An extra break just for fun #
When on the control plane, I had to make a choice which namespace to limit, PID or MNT as they were the 2 that each Kubernetes control plane container used. I ended up using PID on the control plane so wondered if MNT on the worker would be as easy to find. Technically they’ve pretty much fixed this before, so surely it would be quick to do again…
Cleanup #
On the control plane, I used the find
command to find all files in /
and then the -exec
option to perform a touch
which would reset the date of each file to be the same, just to stop them from using file dates to see what I had messed with. I also ran a history -c
and thanks to Kevin, my fellow community member, I cleared out the ~/.bash_history
file.
Reflections #
As I said early on in the article, I was suggesting people volunteer for these opportunities when content creators offer them. You can only get so much from watching, to push your skills you need to actively participate. Many people join communities stating they want to learn and that they are eager to join in, but when opportunities arise, they stay quiet. Don’t be afraid to take opportunities, ask for help if need be, trust me if you are in a good community people will rush to help you.

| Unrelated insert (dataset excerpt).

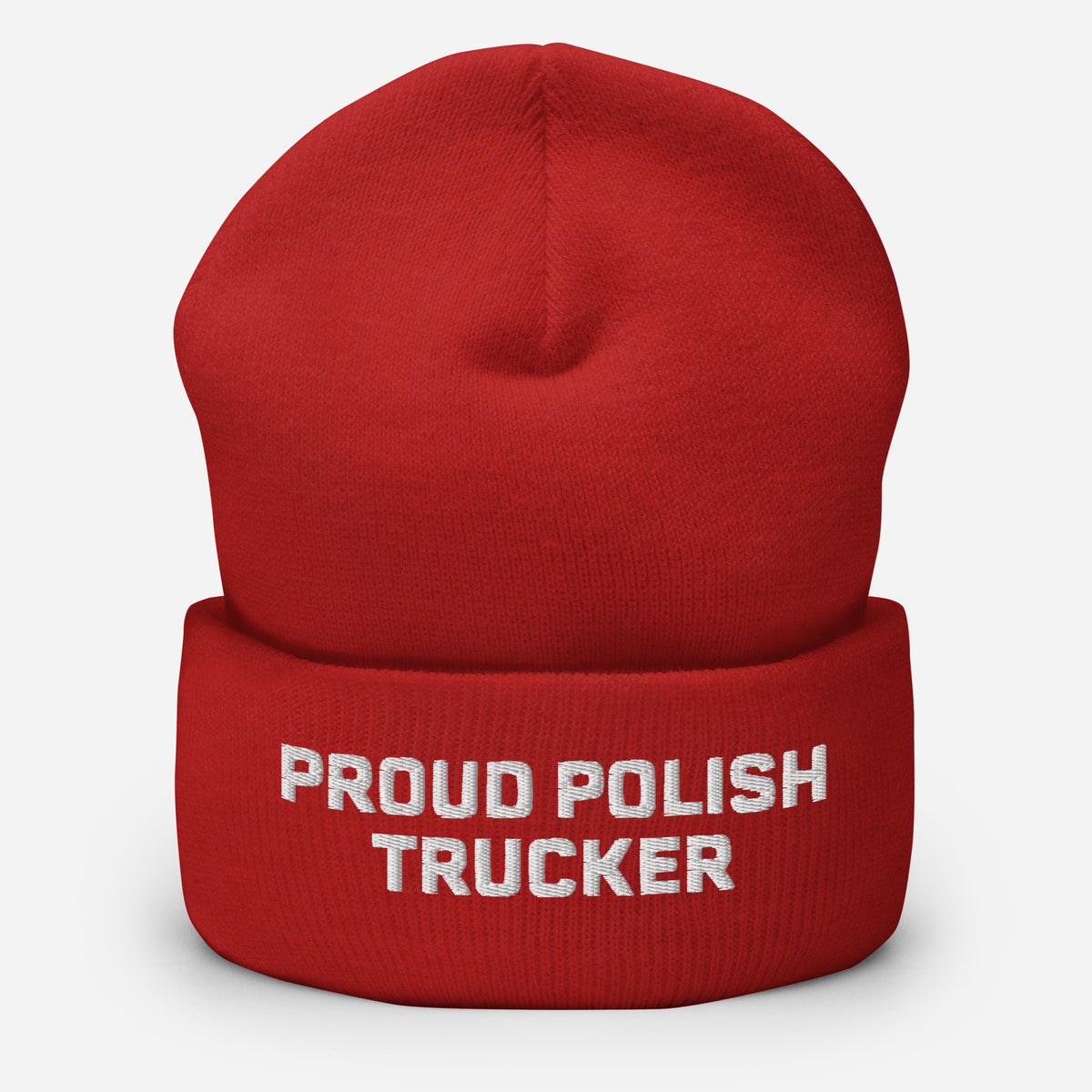 Proud Polish Trucker Cuffed Beanie  Polish Shirt Store Red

My knowledge of C and eBPF is so little I may as well state it as having none. I thought it would be quite simple to take something already available and tweak it to suit my needs, how wrong I was. I was experiencing intermittent failures at one point, then all of a sudden the code that was meant to intercept execve under certain conditions, started to run when an SSH connection was made and broke SSH (thankfully I have learned before to keep your connection open and start a second rather than restarting your current connection). I think after my WASM project, I need to explore eBPF some more to get a better understanding of how to debug it.
I maybe overdid it with the hype on Twitter, to the point my notes were completely ignored just to spite me. I need to find a better balance as I take responsibility for the cert issue that led to kubeadm putting the cluster into a seemingly unstable state.